【読書】茅辺かのう『アイヌの世界に生きる』
『ゴールデンカムイ』読者の皆様は、アイヌのことをもっと知りたいと思っていることでしょう。うれしいことにアイヌ関連書籍は増えています。私もまだまだ勉強中です。おすすめの本を紹介させていただきます。
半世紀前、アイヌに育てられたトキという女性がいた
本書はいまからおよそ半世紀前、アイヌに育てられたトキという女性が、筆者に語り残した体験談をまとめ、1984年に刊行されたものとなります。絶版が続いていたものが、文庫版として再版されたのです。本書の語り口は現在と異なり、読んでいて何かを感じることがあるかとは思います。筆者は差別意識がなく、むしろ信頼できる方だからこそ、聞き取りができたのだとはわかる。筆者の姿勢ではなく、社会全体の変化を感じ取れます。
アイヌの老人が倒れていたのに、誰も通報せず亡くなってしまった話が本書では語られます。どうせ髭を伸ばしたアイヌのじいさんなんて、酔っ払って寝ていると思ったんだろうと、通報されなかった理由が推察されています。その箇所を読んでいて私はギョッとしました。かつてそういう差別があり、それがよくあることであったからこそ、こうしてあっけらかんと語られているのだろうと。
そんな時代から、今はどれだけ変わったのか? 差別はなくなったのか? それとも巧妙に隠されているだけなのか? そんなことをどうしたって考えてしまいます。
あの赤ん坊はどうなったのかな?
『ゴールデンカムイ』では、稲妻強盗とお銀の間に生まれた赤ん坊がおりました。第七師団との戦いで命を落とした両親にかわり、誰かに育てさせねばならない。そう思った鶴見は、フチのもとへ赤ん坊を置き去りにしました。
信頼できる人間って、アイヌの村に置き去りにしていいの? そりゃ、フチはいい人だけど……そう思いましたか? この逸話は当時の北海道史を反映している。それがわかるのが『アイヌの世界に生きる』です。

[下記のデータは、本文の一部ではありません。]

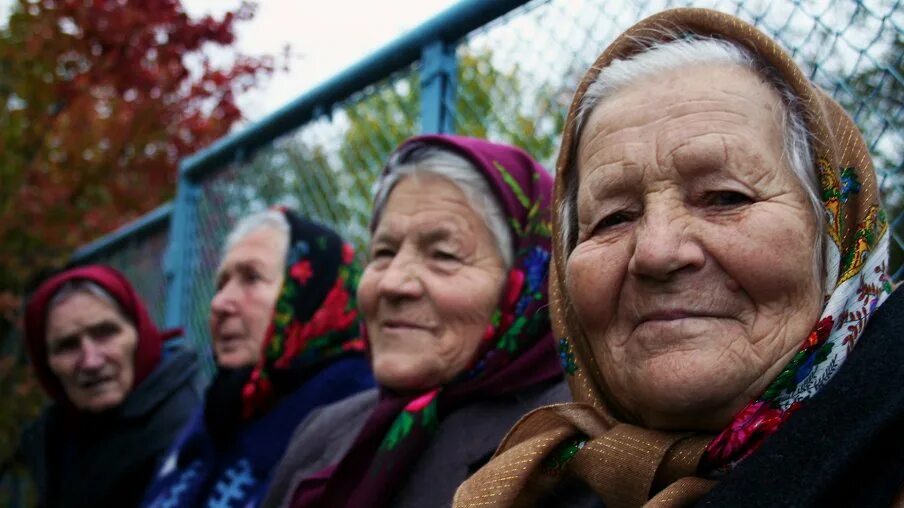 Бабушки у подъезда. Модная бабушка. Где много бабушек. Где много бабушек. Где много бабушек.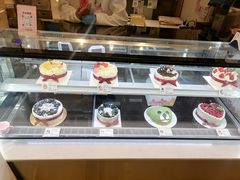 -花花卷卷·鲜食蛋糕(静安久光百货店)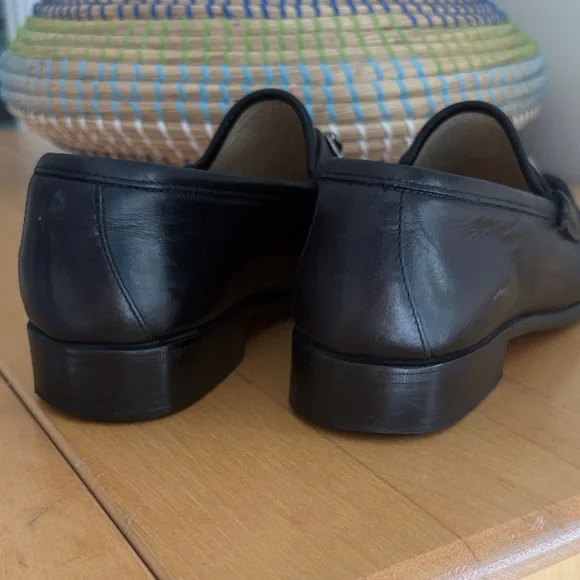 Gucci Black Leather Loafers with Silver Detailing - Picture 6 of 7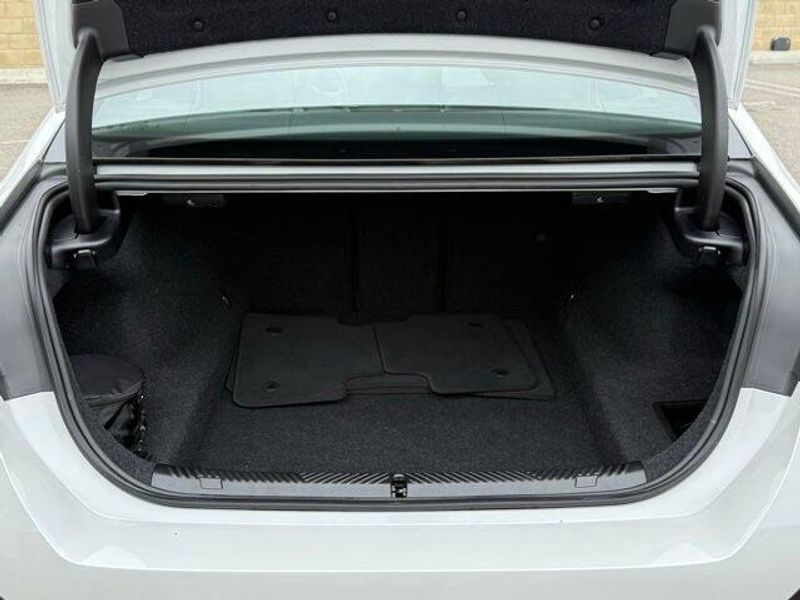 Used 2026 BMW 5 Series 530i xDriveImage 16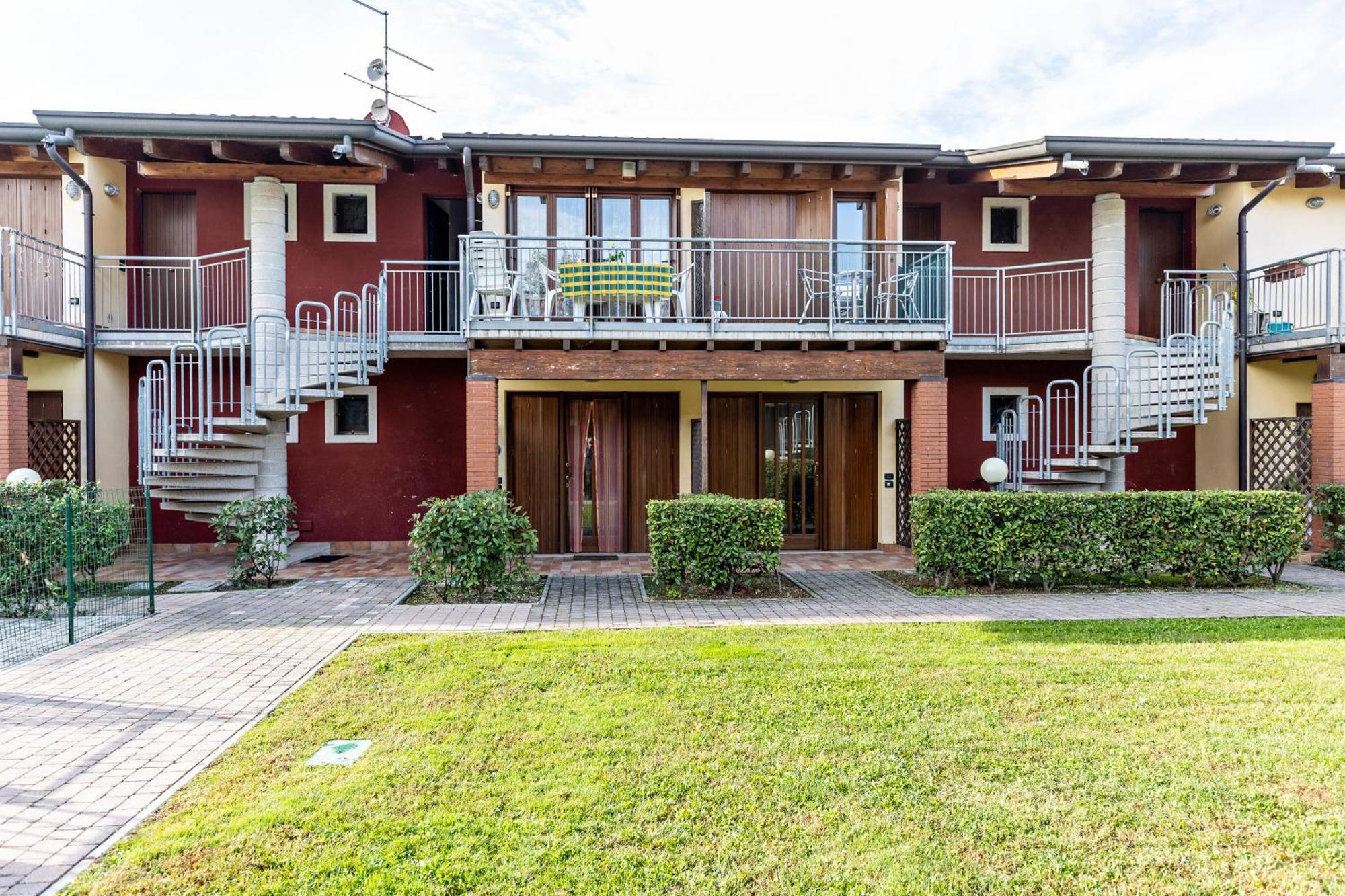 Residence La Corte Near Gardaland Castelnuovo del Garda Dış mekan fotoğraf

この本は、1906年に入植者の子として生まれたある女性から聞き取った話です。つまり、あの稲妻強盗とお銀の子と境遇が似ています。この赤ん坊は家族から捨てられそうになっていたところを、アイヌの女性に拾われ、アイヌの中で育ってゆきます。稲妻とお銀の子と、性別の差はあります。しかし年齢はほぼいっしょ。あの赤ん坊は将来、東京オリンピックを見るために、セールスマンが売り込んできたテレビを買うのかもしれない。この本をそう読みながら想像したとき、『ゴールデンカムイ』の世界がより一層生々しく感じられたのです。
アシリパと杉元たちが金塊を探す物語って、実はそう昔のことではない。そんな当たり前のことを改めて認識できます。
入植者の赤ん坊を育てるアイヌと、差別するシャモ
話の本筋とあまり関係ない。とはいえ、赤ん坊の運命が気になったことはありませんか? インカラマッと谷垣の子もそう。これから先、アイヌはどう生きてゆくのか? アイヌの歴史をたどる本でも把握はできますが、ひとりひとりがどう歩んでゆくのか、そう想像するのであれば本書や宇梶静江さんの著書が役立つと私は思います。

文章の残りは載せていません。